Listed Building – Grade II*
- Official name: Newdigate House and attached railings and boundary wall
- Designated: 11 August 1952
- Reference no.: 1271185

= Newdigate House =

Listed building in Nottingham, England

Newdigate House is a Grade II* listed building on Castle Gate, Nottingham, England.

The house was built for Thomas Charlton the younger, of Chilwell. He sold it in 1683 to Samuel Staples of Nottingham who leased it to Camille d'Hostun, duc de Tallard, who was effectively kept prisoner in it from 1705 to 1711 after defeat in the Battle of Blenheim in 1704.

In 1716 the house was sold to Thomas Newdigate, the sixth son of Sir Richard Newdigate, 1st Baronet, of Arbury Hall, Warwickshire. He commissioned Francis Foulgham to make the wrought-iron screen and gates which survive at the front of the house, enclosing the court yard. It was lived in by subsequent members of the Newdigate family until 1790 when it was sold to Mrs Thomas Wright. She arranged for William Stretton to make some changes.
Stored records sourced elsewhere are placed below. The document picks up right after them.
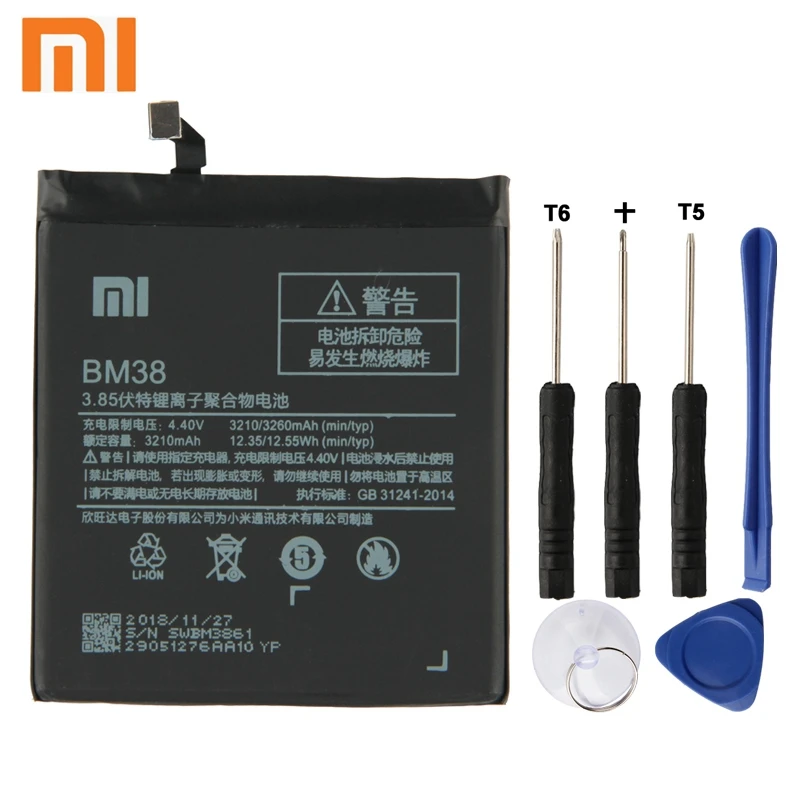 

Xiao Mi Xiaomi Mi BM38 Phone Battery For Xiao mi 4S M4s BM38 3260mAh Original Replacement Battery + Tool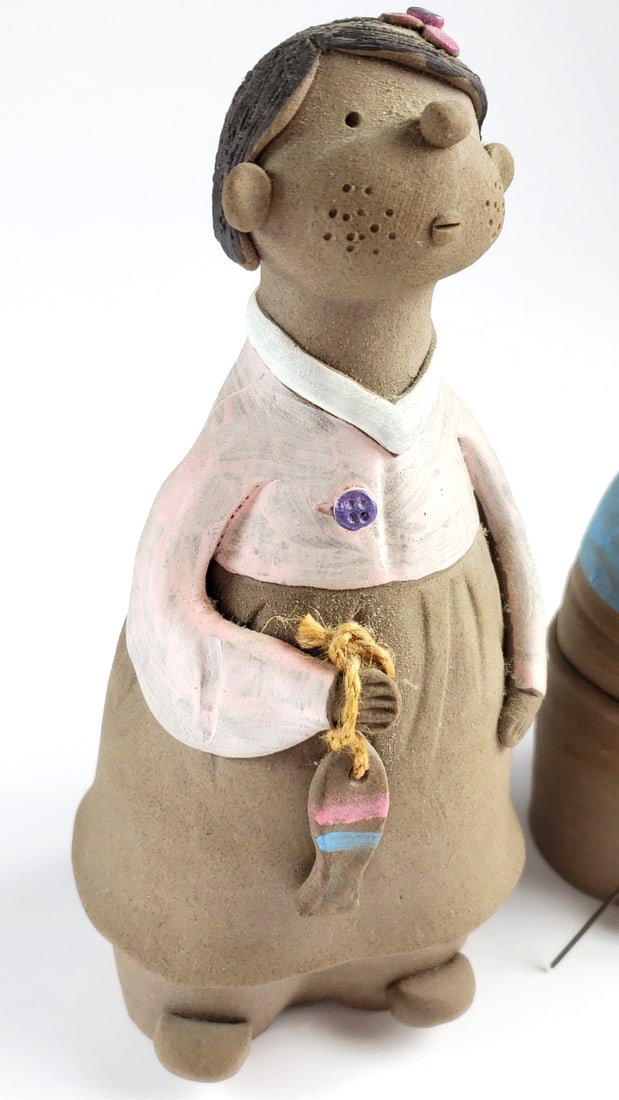 Vintage Ceramic Figurines of Boy and Girl Holding Fish - 2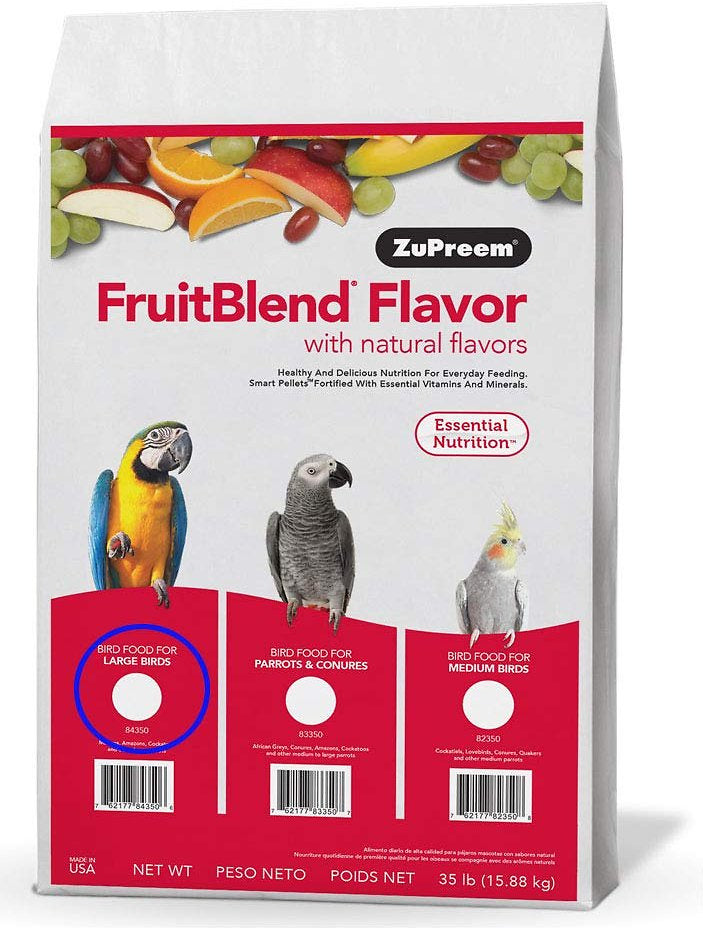 Zupreem FruitBlend with Natural Flavors Large Bird Food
The house was sold again in 1817.

In 1905 the building was being used by W. Lee, an antiques dealer, and was put up for sale.

In 1915 the house was used by the Domestic Workers' Sub-Committee of the War Relief Fund as an office.

In 1960 the house became the United Services Club, and the ground floor was used by World Service restaurant from 2000 until its closure in 2024.